- Cwmllynfell Location within Neath Port Talbot
- Population: 1,172 (2011 census)
- OS grid reference: SN747127
- Principal area: Neath Port Talbot;
- Preserved county: West Glamorgan;
- Country: Wales
- Sovereign state: United Kingdom
- Post town: SWANSEA
- Postcode district: SA9
- Dialling code: 01639
- Police: South Wales
- Fire: Mid and West Wales
- Ambulance: Welsh
- UK Parliament: Neath;
- Senedd Cymru – Welsh Parliament: Neath;
- Councillors: Hugh Jones (Plaid Cymru);

= Cwmllynfell =

Cwmllynfell is a village, community and electoral ward in Neath Port Talbot county borough, Wales.

== Amenities ==
Cwmllynfell has its own local rugby union team - Cwmllynfell RFC. Also, a bilingual primary school, supermarket, post office, village hall, church and chapels. Nearby there is the Black Mountain which supplies views to the village.

== Electoral ward ==
The electoral ward consists of some or all of the following areas: Blaen-nant, Bryn-Melyn, Celliwarog, Cwmllynfell, Rhiw-fawr in the parliamentary constituency of Neath. Cwmllynfell is bounded by the wards of Quarter Bach of Carmarthenshire to the northeast; Cwmtwrch of Powys to the east; Ystalyfera to the southeast; Pontardawe to the southwest; Gwaun-Cae-Gurwen to the west and Lower Brynamman to the northwest.

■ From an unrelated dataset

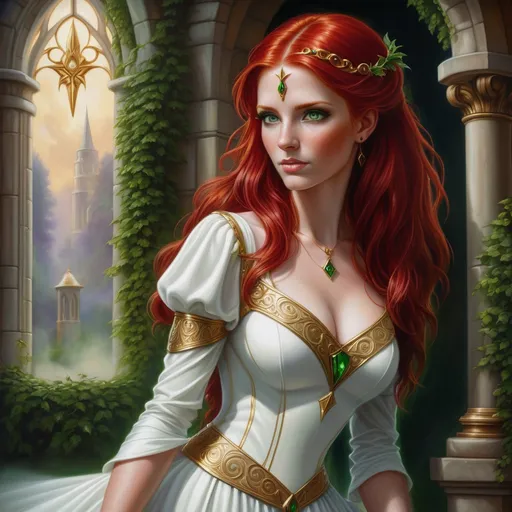 Prompt: a painting of a woman with red hair and green eyes wearing a white dress with gold trim and a red hair, Anne Stokes, fantasy art, kinkade, a detailed painting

In the 2017 local council elections the results were:

| Candidate | Party | Votes | Status |
|---|---|---|---|
| Hugh Jones | Plaid Cymru | 283 | Plaid Cymru gain |
| Kris Lloyd | Labour | 194 |  |

In the 2012 local council elections the turn out was 49.78%. The results were:

| Candidate | Party | Votes | Status |
|---|---|---|---|
| Clifford Richards | Labour | 348 | Labour hold |
| David James | Plaid Cymru | 110 |  |

==Earthquake==
At 14:31 on 17 February 2018 a field 2¼ miles south-southwest of the village near Gwrhyd Chapel was the epicentre of a 4.6 magnitude earthquake, the largest in the British Isles since 2008. The quake was felt as far away as Blackpool.